The bullet spun across the distance, carried more by my spell than by the alchemical powder propellant. Deepwater turned aside an arc of the Archmage’s wind, and as he did, he lifted his arm.
The bullet, infused with the properties of both silver I’d used in the spell and the lead it was made of, burrowed into his chest. Soulstuff and blood exploded out of him, and he screamed. Even blocks away, I could hear it.
Davalier, despite her largest contributions to magic being in the design of many radio spells, was still the Archmage Consulate for a reason.

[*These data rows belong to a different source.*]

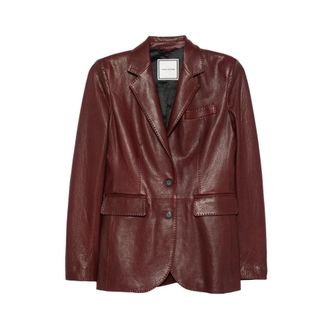 Tagliatore Sophie Blazer - Dames - Jassen - Rood - Maat: XS Leer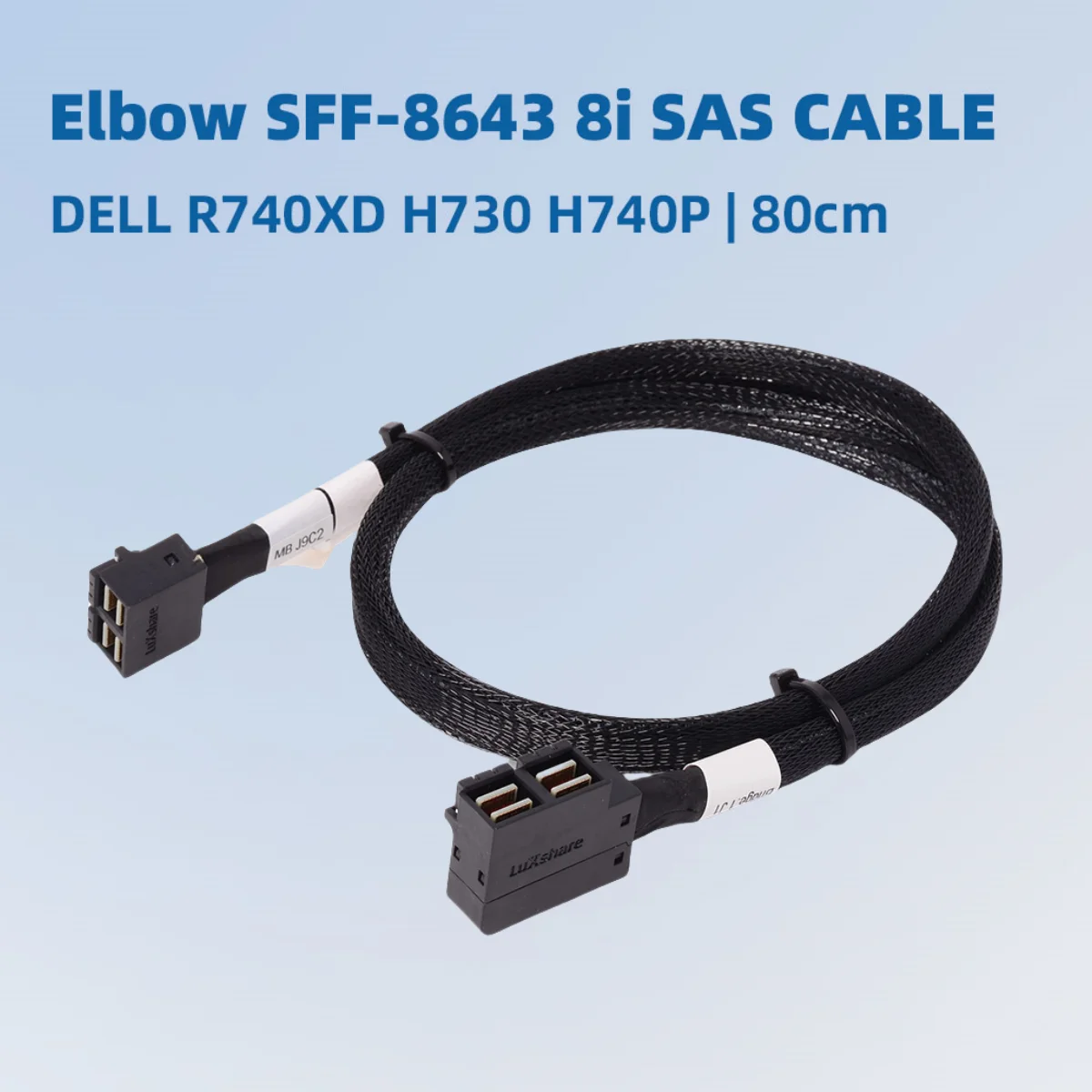 NEW 90 Degrees Angled SFF-8643 8i  Server SAS Line SFF8643 8I Data Cable for DELL R740XD H730 H740P PCIE Array Card Cord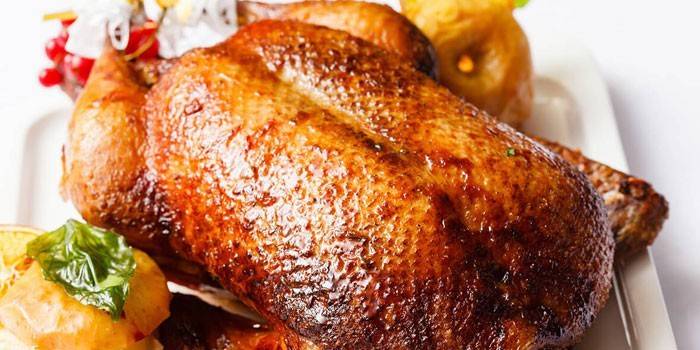 Pato al horno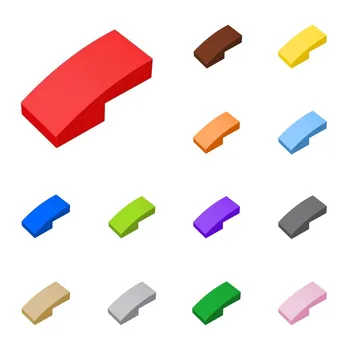 50pcs 11477 Slope Curved 2 x 1 Bricks Collections Bulk Modular GBC Toys For Technical MOC Set 1Pcs Gifts Buildings Blocks 1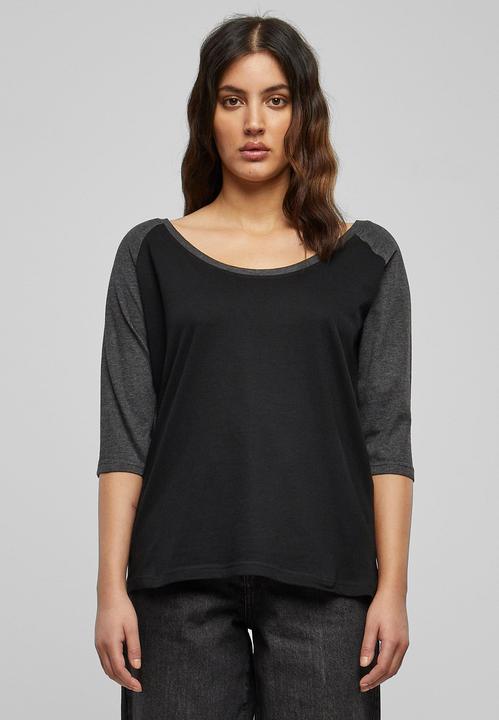 Actual product image Urban Classics Ladies 3/4 Contrast Raglan Tee (S)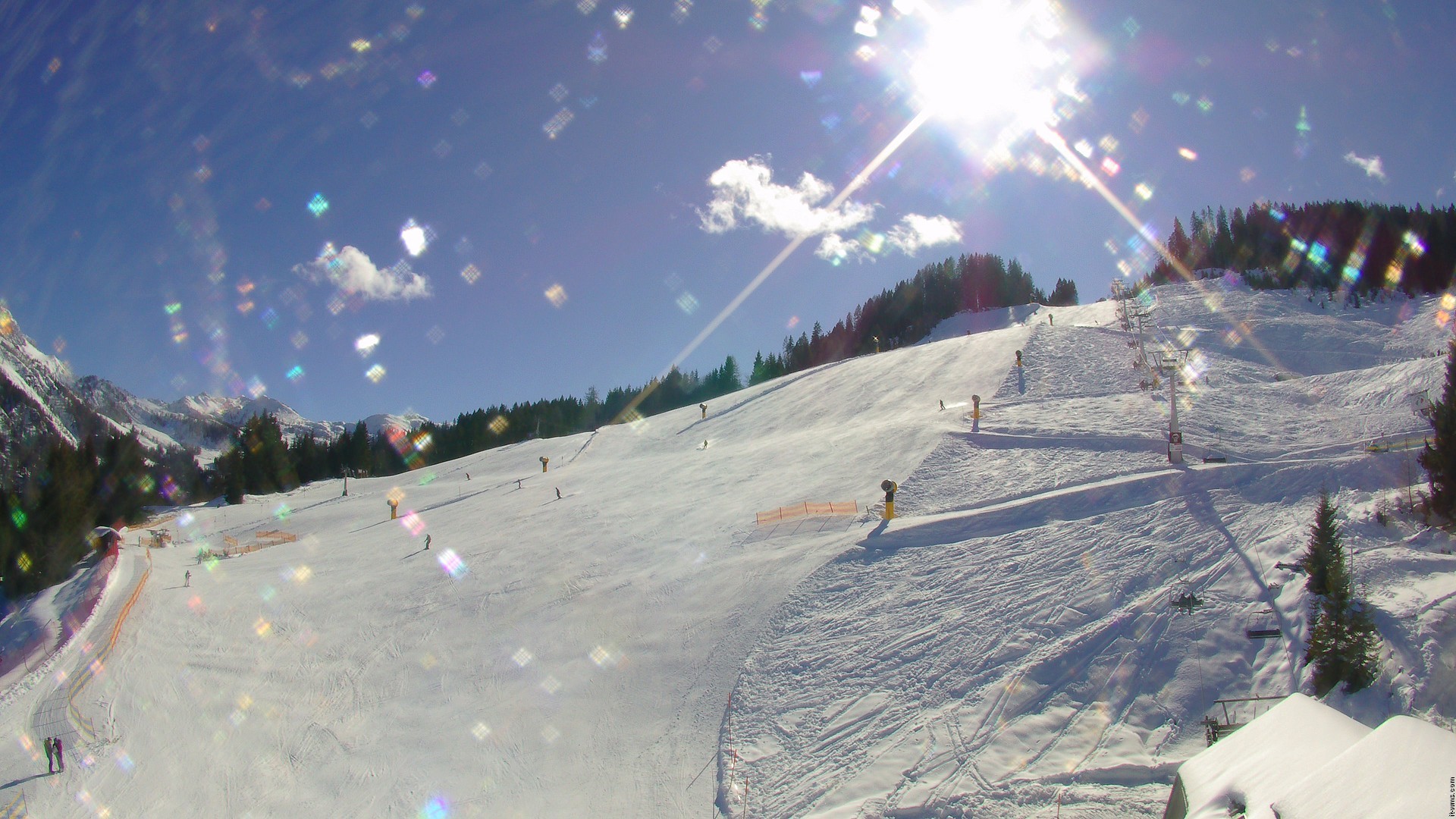 Archiv Foto Webcam Nassfeld: Blick Sonnleitn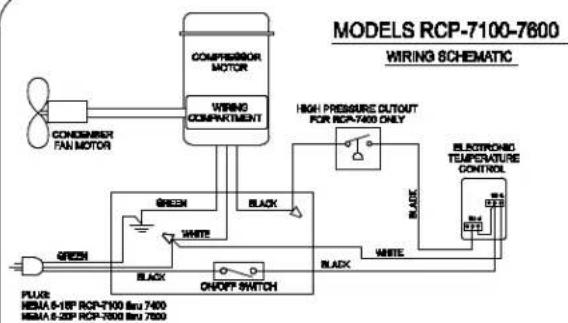 Wells RCP7600 - WIRING AND REFRIGERATION SCHEMATICS - 2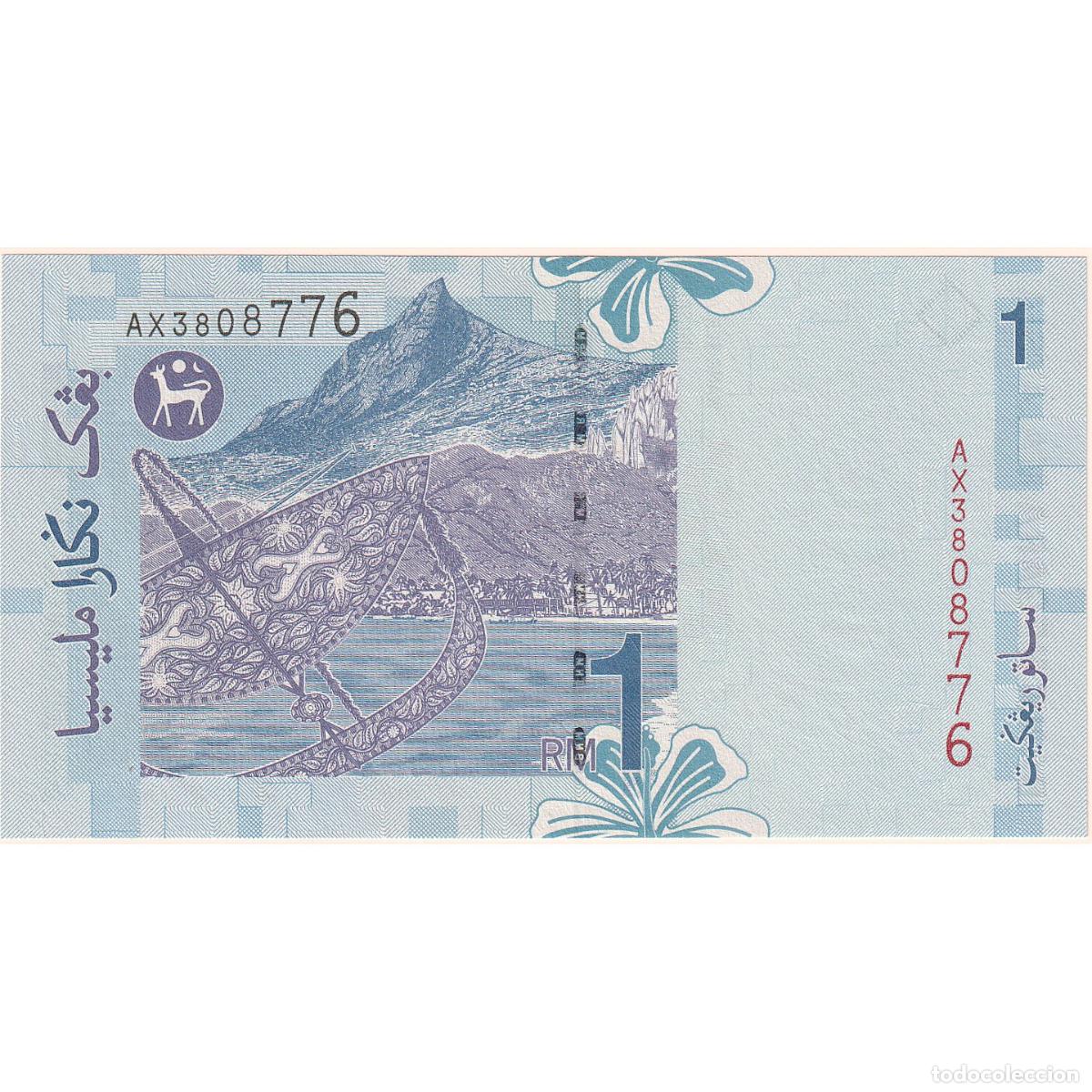 Billetes extranjeros: [#247950] 1 Ringgit, Malasia, KM:39a, UNC - Foto 2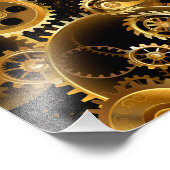 Naadloze Stoomtech Koperen Tandwielen Foto Afdruk (Hoek)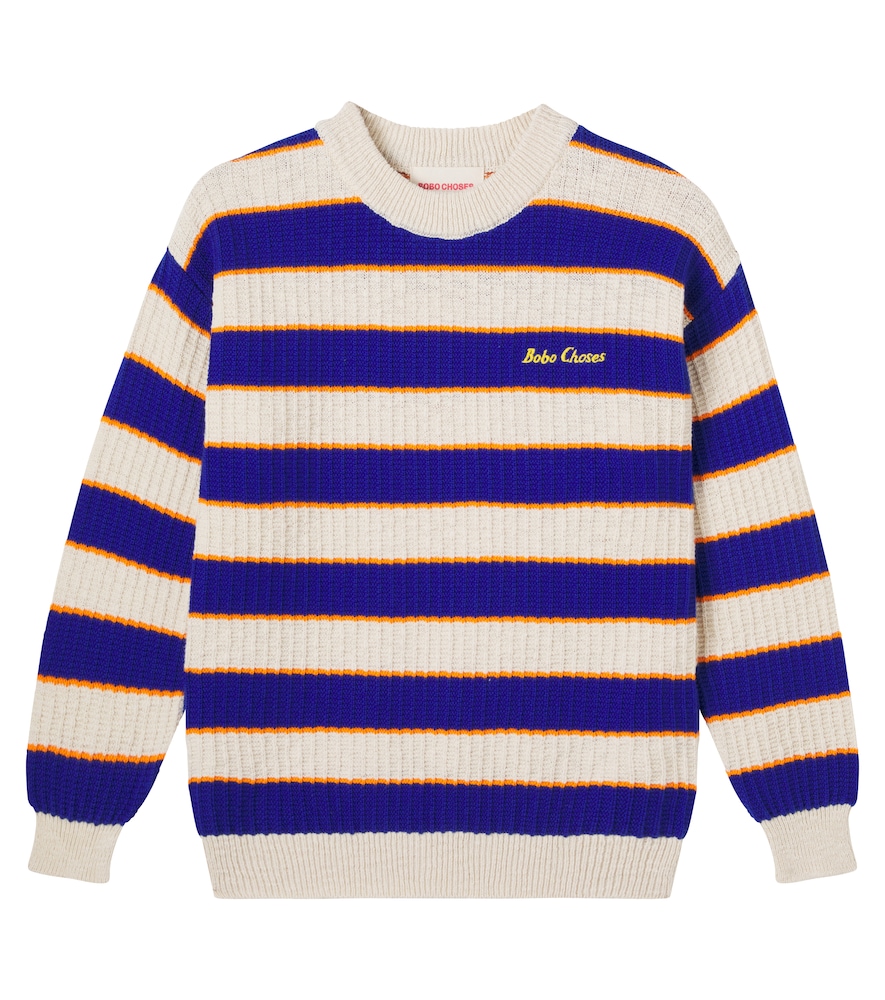 Bobo Choses Bobo Choses Striped Cotton Sweater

In the instant of distraction, she formed a spell, and a tornado of wind ripped off Deepwater’s head. His body was lifted into the air and began to shred itself, an action not entirely dissimilar to what I’d done to the Arenamaster.
It was right as I turned to fire my shot and help the northerner that everything started to change.
In the sky above us, the Malapert exploded. I stared up at it, frozen in place, not even sure what had happened. Had demons gotten aboard the ship?
Before I’d even processed that, the Throne of Sacrifice vanished from the sky above. An instant after it vanished, the world itself seemed to warp. For half a second, reality itself seemed to become… more. Like we’d touched on something deeper than reality, something better left buried. And a wave of gold, red, and blue erupted from the Central Aura Depository as a tower of crystal splintered upward into the sky.